With Congress in temporary summer recess, more attention than usual is being paid to unfinished business — namely, health-care legislation, and, in particular, the clearly imperiled prospect of what is now being called, somewhat euphemistically, a "public option" for health insurance.
What that term denotes, quite simply, is a modest venture — a pilot program — whereby the federal government would offer basic health insurance as one of the many alternatives now available in the marketplace. Neither it nor anything offered by the traditional name-brand health-insurance carriers would be subject to government mandate.
To be sure, some of the more zealous advocates of "single-payer" (i.e., government-run) health insurance see the public option as a necessary precursor to what would eventually be a major, even an all-encompassing, federal role in providing affordable health care. Call that "socialized medicine," if you must, but another alternative term, "Medicare for everybody," expresses the concept better. By now, most of the elected federal officials from this area have participated in town hall meetings on the subject of health-care legislation. Some of these meetings have been disorderly, some not, but a feature of almost all of them is that at some point the question gets asked of attendees: How many of you get a significant measure of your health care from Medicare?
The show of hands is always substantial. In the case of the town meeting held some weeks back by 9th District congressman Steve Cohen, where attendees were asked to stand up if they thought Medicare had functioned overall in a positive, necessary way, a large percentage of those who got on their feet had been standing up earlier, bellowing anti-government slogans at every mention of the modest bill that was then, and still is, slowly making its way through the House of Representatives. That's the irony that is summed up in a perhaps apocryphal slogan — "Keep the government's hands off my Medicare!" — that has turned up in some reports.
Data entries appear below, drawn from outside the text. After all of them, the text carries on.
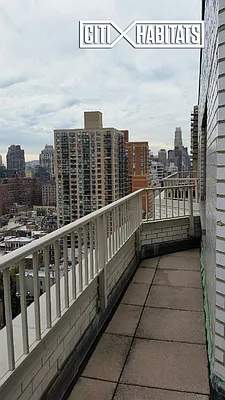 Rented by Citi Habitats | media 9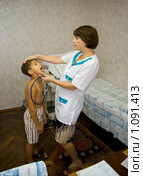 Врач осматривает мальчика (2009 год). Редакционное фото, фотограф Константин Бредников / Фотобанк Лори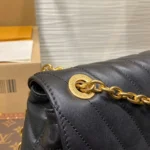 Tui Xach Nu louis Vuitton LV New Wave Mau Den Like Auth 24x14x9cm 1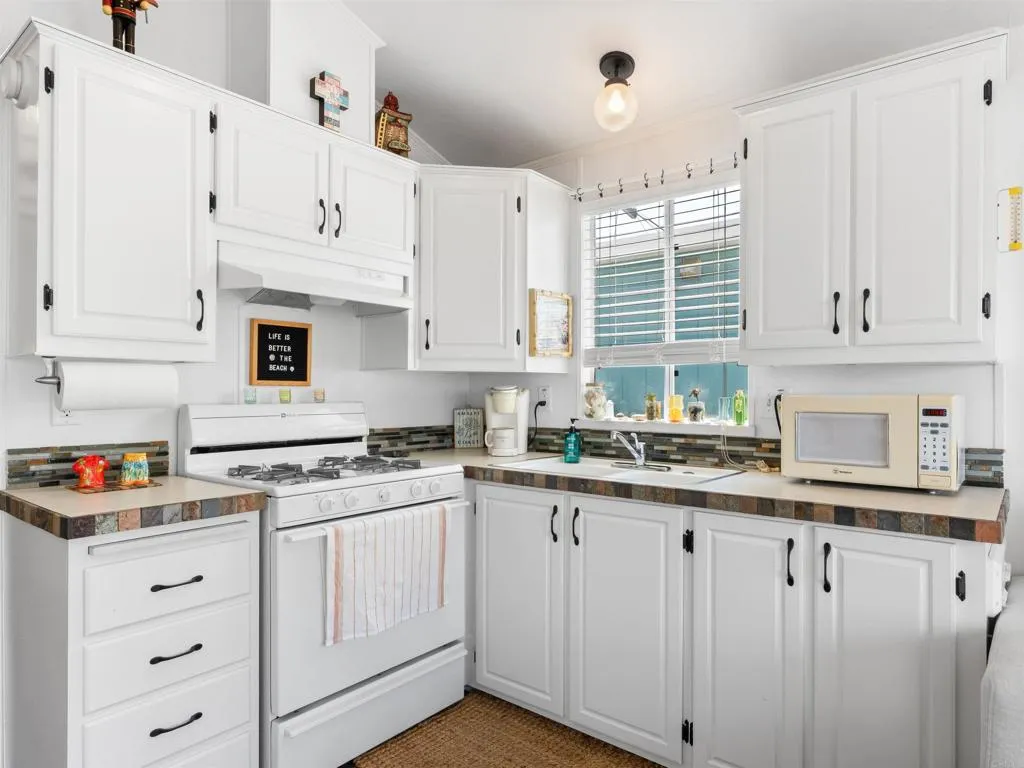 900 N Cleveland Street Unit 119, Oceanside, CA 92054 - Photo 4 of 40, Oceanside, CA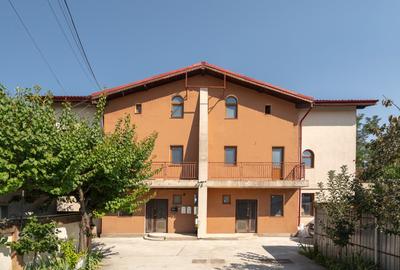 Otopeni central - Calea Bucurestilor (DN1) vila P+2 cu 7 camere 6 bai, parcare - 1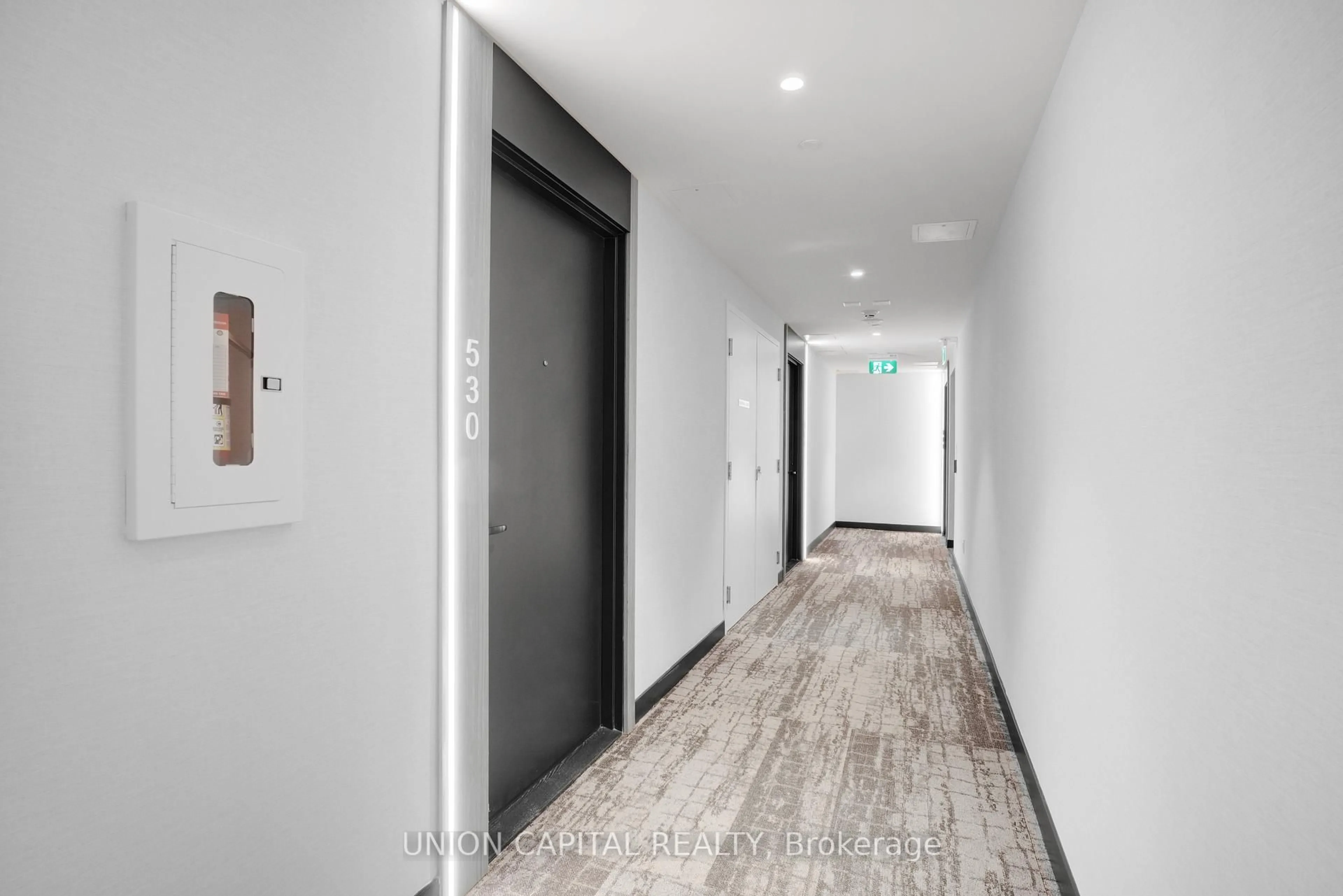 Indoor foyer for 215 Lakeshore Rd #530, Mississauga Ontario L5H 0A9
A public option would offer yet one more insurance solution among many — to enhance, not abolish, the system of marketplace competition. To be sure, a public plan's overhead expenses would be much more limited than those of the private carriers, who notoriously bleed an enormous portion of their proceeds into advertising, public relations, and — these days, especially — active lobbying efforts in Congress. In that sense, a public plan would have an advantage but only in the sense that the U.S. Postal Service, a bona fide "public option" for mail and package deliveries, has a theoretical advantage over FedEx and UPS.
Yet, the last time we looked, those two monolithic enterprises were holding their own in the marketplace just fine, thank you. In fact, both giant companies came into being with the postal public option already in place and have prospered in competition with it and with each other.
There is no reason to believe that a public option in health insurance would operate to any different end.